» **WHAT IS NEEDED**: In the listing that follows, count every line with the word "online" in it and write only the total.

» **THE DATA**:

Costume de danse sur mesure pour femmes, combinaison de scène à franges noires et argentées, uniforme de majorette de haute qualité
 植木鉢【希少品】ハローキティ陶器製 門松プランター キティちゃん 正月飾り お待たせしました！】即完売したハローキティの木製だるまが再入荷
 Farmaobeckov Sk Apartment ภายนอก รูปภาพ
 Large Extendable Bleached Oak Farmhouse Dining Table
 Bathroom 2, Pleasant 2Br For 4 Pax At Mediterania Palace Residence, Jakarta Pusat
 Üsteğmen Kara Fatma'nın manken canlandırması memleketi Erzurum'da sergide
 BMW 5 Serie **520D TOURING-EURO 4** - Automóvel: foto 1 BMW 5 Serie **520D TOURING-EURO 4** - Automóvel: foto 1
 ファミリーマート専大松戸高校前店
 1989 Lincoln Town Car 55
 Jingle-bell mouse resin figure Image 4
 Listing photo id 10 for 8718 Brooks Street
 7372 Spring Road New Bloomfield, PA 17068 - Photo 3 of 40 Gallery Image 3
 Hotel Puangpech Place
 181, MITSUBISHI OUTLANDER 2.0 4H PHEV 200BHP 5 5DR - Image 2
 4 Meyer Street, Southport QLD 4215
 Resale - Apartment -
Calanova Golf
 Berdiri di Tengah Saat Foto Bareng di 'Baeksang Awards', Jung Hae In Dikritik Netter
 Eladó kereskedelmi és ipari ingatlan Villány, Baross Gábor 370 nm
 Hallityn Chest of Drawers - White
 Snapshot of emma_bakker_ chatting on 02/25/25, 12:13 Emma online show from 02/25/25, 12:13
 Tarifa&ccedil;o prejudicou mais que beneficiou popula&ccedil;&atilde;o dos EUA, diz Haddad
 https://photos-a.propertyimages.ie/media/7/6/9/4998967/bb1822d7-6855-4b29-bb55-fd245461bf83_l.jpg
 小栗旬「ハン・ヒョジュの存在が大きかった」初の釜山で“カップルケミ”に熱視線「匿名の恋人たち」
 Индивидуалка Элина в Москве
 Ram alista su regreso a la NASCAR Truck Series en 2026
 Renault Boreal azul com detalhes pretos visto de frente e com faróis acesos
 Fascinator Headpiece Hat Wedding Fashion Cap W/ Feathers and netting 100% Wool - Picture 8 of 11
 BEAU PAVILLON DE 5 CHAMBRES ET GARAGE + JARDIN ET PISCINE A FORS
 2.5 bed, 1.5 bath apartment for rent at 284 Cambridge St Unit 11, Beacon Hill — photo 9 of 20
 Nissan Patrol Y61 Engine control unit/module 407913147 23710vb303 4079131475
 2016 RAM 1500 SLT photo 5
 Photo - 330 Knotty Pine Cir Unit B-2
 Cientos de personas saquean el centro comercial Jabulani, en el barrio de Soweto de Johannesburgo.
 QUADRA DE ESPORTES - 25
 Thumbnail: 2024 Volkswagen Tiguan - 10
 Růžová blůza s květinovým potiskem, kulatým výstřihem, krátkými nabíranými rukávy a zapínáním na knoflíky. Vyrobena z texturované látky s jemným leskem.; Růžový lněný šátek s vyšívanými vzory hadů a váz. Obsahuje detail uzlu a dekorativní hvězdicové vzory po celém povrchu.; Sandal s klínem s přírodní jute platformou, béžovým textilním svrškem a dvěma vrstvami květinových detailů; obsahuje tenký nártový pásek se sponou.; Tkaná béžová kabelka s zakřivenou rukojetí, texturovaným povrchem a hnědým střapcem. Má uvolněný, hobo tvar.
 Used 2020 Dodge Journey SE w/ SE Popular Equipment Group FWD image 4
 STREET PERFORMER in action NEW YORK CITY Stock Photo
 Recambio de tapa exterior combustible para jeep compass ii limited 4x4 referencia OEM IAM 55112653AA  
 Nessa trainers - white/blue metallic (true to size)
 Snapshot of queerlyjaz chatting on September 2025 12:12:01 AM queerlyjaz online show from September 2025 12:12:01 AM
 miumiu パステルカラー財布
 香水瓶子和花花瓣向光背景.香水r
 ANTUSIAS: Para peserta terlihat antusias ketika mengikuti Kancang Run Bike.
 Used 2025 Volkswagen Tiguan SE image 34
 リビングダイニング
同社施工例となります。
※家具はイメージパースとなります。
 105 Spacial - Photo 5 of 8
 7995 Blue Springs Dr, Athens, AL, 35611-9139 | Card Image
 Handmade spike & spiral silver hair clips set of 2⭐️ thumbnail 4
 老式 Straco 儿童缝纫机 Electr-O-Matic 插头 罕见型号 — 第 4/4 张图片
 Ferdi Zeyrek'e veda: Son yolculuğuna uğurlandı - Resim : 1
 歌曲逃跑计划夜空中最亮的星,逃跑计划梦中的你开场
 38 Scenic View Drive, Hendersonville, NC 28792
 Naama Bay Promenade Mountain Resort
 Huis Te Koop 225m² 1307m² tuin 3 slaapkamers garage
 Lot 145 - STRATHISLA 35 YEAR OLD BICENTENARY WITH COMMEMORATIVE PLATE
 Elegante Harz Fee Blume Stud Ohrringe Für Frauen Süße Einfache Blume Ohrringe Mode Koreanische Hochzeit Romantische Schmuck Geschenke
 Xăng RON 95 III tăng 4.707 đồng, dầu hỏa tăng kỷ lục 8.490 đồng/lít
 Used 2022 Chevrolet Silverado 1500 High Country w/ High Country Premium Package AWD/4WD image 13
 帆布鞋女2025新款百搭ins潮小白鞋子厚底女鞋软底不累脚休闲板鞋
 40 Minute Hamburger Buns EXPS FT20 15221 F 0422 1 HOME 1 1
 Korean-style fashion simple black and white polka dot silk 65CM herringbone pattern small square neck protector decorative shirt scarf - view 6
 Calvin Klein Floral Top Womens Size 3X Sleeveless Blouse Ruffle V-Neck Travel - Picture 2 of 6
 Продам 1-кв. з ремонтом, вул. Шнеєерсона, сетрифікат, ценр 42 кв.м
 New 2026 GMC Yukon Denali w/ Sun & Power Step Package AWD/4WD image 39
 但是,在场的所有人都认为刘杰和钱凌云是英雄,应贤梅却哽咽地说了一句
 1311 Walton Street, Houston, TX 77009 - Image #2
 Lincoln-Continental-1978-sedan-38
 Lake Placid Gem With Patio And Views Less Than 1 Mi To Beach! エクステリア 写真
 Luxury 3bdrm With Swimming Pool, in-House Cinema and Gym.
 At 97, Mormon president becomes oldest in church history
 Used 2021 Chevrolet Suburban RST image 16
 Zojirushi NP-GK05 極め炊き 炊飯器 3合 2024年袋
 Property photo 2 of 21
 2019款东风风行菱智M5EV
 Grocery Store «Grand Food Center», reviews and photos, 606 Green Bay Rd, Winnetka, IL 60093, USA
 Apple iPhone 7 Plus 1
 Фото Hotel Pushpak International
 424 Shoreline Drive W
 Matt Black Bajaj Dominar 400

» **ANSWER SPACE**: 2